Rev. Richard P. McBrien on the 08 Elections
Immaculate Conception– Solemnity Monday, December 8, 2008
From The Tidings, Los Angeles, Ca. Perspectives, November 21-28, 2008, p. 14:
There are at least three important lessons for their pastoral leadership to absorb. First, Catholic voters are paying less and less attention to the urgings of some of the Conference’s most theologically rigid and politically partisan bishops. Catholics this year returned to their traditional allegiance to the Democratic Party by a margin 53-45%. And Hispanic voters, most of whom are Catholics, supported the Democratic ticket by an astonishing margin of 66-31%.
This was in spite of the efforts of a vocal handful of bishops, including Archbishop Charles Chaput of Denver and Bishop Joseph Martino of Scranton, to try to persuade Catholics that a vote for the Democratic ticket was tantamount to a vote for abortion and, therefore, gravely sinful….
By an overwhelming margin of some 60%, voters this year identified the economy as their number one concern.
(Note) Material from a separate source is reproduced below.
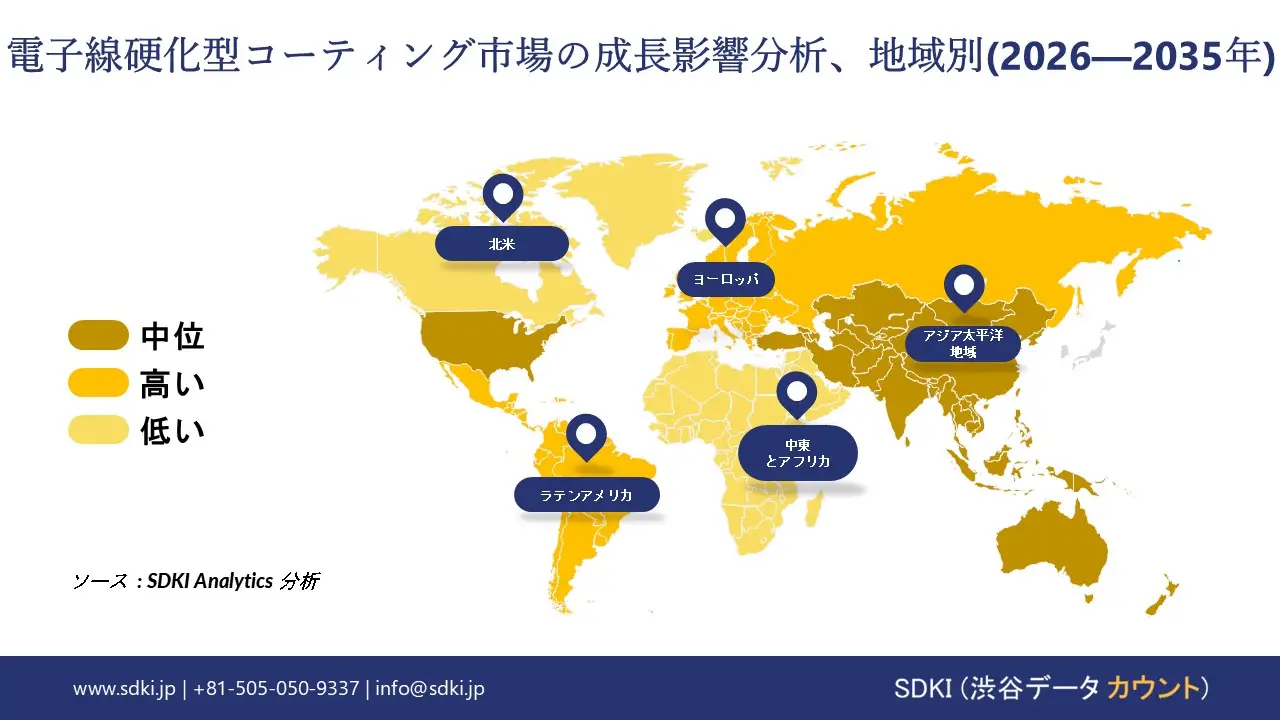 electron beam curable coating market report impact analysis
The issues which right-wing pressure groups tried to use on fellow Catholics with voter guides, - abortion, gay marriage, homosexuality, embryonic stem-cell research – gained little or no traction this time around.
The vocal minority of bishops have to ask themselves whether their one-issue approach is actually counterproductive… This year, in any case, their narrow approach to life issues has stirred other pro-life Catholics to fight back and to reject the focus on the abortion issue to the practical exclusion of all others.
Second, there is also a question to be put to the all-too-silent majority of bishops who have failed to remind Catholic voters that the Bishops’ Conference supports a “consistent ethic of life” approach to moral issues; that it has gone record as neither endorsing nor opposing candidates for public office; and that it insists that the Catholic Church is not a one-issue Church, notwithstanding the moral urgency of the abortion issue...
The media and many in the general public do not usually make a distinction between the personal views of the few outspoken bishops and official teachings and policies of the entire Bishops’ Conference.
In the future, Conference leaders must make it unmistakably clear that, while individual bishop are free to issue statements, and take stands within and for their own dioceses, and indeed that their views are contrary to the stated teachings and policies of the Conference itself.
Third, beyond the concern for political and moral credibility and effectiveness, there are other, equally significant statistics to drawn from the recent presidential election. The Democratic ticket won the support of 66% of voters between the ages of 18 and 29, and 57 % between the ages of 30 to 44. …
Can our leadership not make a more concerted effort to understand the thinking of under -45 Catholics? … The sexual-abuse scandal in the priesthood has had a devastating effect on the credibility of our bishops. They must take care not to worsen the problem.
George H. Kubeck,
P.S. Is it possible that the flawed religious reality mindset that produced the sex scandal is the same one that kept two-thirds of the bishops silent? Let Pope Benedict XVI decide!